Des témoins oculaires ont affirmé à Amnesty International que l’attaque a débuté vers 19h40 alors que les résidents du camp se réunissaient pour dîner. Vingt personnes ont été tuées sur le coup tandis que trois autres ont succombé à leurs blessures à l’hôpital de Bagdad.
Les résidents ont affirmé qu’environ 80 roquettes avaient été tirées sur le camp, qu’ils ont identifiées comme des roquettes Falaq Katyusha de fabrication iranienne, alors que les médias irakiens ont signalé le tir de 12 à 38 roquettes.

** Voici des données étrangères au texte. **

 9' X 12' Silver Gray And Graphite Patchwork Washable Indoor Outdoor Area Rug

L’attaque a engendré des destructions étendues, touchant les générateurs électriques tandis que des centaines de résidents se sont retrouvés sans toit après la destructions de 200 habitations. Le gouvernement irakien n’a toujours pas fait de déclaration sur les événements, mais d’autres gouvernements ainsi que l’Agence des Nations Unies pour les réfugiés – qui considère les habitants du Camp Liberty comme des « personnes à protéger » – ont condamné l’attaque.
« Le silence des autorités irakiennes sur le meurtre de 23 personnes est inexcusable. Ils faillissent manifestement à leur devoir devant les lois internationales de protéger tous les habitants du camp, dont la plupart sont des demandeurs d’asile. En plus d’avoir détruit des vies, l’attaque a laissé beaucoup de survivants dans des conditions désespérées », a affirmé Said Boumedouha.

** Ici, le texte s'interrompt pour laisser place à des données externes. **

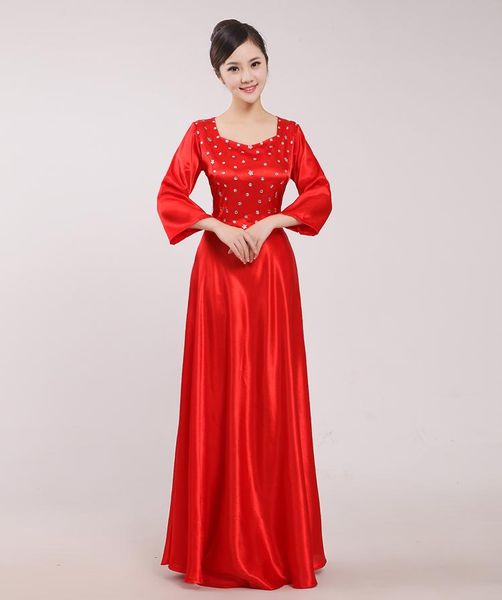 

casual dresses women sequined chorus performance costume o-neck long recitation ensemble welcome ceremony stage dress, Black;gray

« Le gouvernement doit de toute urgence faire en sorte que l’électricité et l’eau soient rétablies, et que ceux dont les habitations ont été détruites reçoivent immédiatement un abri temporaire approprié. »
Contexte
Tous les exilés du Camp Liberty avaient vécu au Camp Achraf depuis le milieu des années 80. Après l’invasion de l’Irak par les Etats-Unis en 2003, le camp et ses résidents ont été placés sous protection américaine, ce jusqu’à mi-2009 où un accord a été passé entre les autorités américaines et le gouvernement irakien.
Un mois plus tard à peine, les 28-29 juillet 2009, les forces de sécurité irakiennes ont pris le camp d’assaut ; au moins neuf résidents ont été tués et beaucoup d’autres blessés. Trente-six résidents capturés ont apparemment été torturés et battus.

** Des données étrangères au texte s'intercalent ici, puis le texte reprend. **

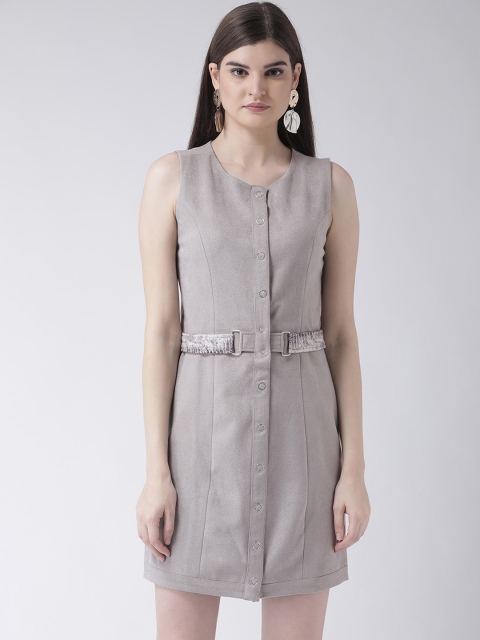 

Latin Quarters Women Grey Solid Sheath Dress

En 2011, le gouvernement irakien a annoncé la fermeture du Camp Achraf après avoir transféré ses résidents au Camp Liberty au nord-est de Bagdad.
Selon un mémorandum d’accord de décembre 2011 entre les Nations Unies et le gouvernement irakien, l’Agence des Nations Unies pour les réfugiés (UNHCR) peut traiter des demandes de protection internationale par les résidents des camps. Ces résidents qui postulent pour une protection internationale sont des demandeurs d’asile en vertu du droit international.
Le gouvernement a manqué à son obligation d’enquêter sur les précédentes attaques contre les camps Achraf et Liberty, et personne n’a jamais été traduit en justice. En fait, les hauts dirigeants irakiens ont par le passé indiqué clairement que les résidents du camp n’étaient pas les bienvenus en Irak.